■ Work item
Return exactly the run of lines that begins at the line containing "Small Hair Finishing" and ends at the last line of the material below; pictures stay out.
[[ Given information open ]]
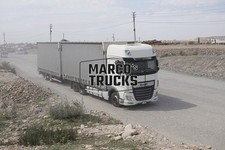 Truck photo daf tarpaulin - truck, xf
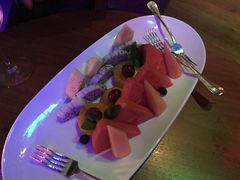 水果盘-广州柏悦酒店·悦吧·顶楼露天酒吧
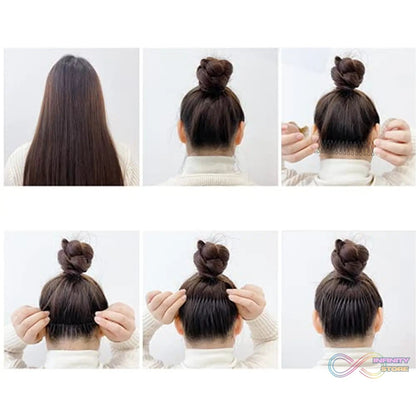 Small Hair Finishing Fixer Styling Tool for Women Girls (1 Pc) - infinityexculsivestore.com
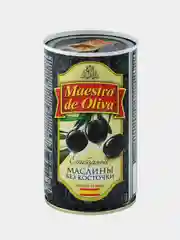 Маслины MAESTRO DE OLIVA отборные б/к 360г Испания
[[ Given information closed ]]
■ Output of the task
 Small Hair Finishing Fixer Styling Tool for Women Girls (1 Pc) - infinityexculsivestore.com
 Маслины MAESTRO DE OLIVA отборные б/к 360г Испания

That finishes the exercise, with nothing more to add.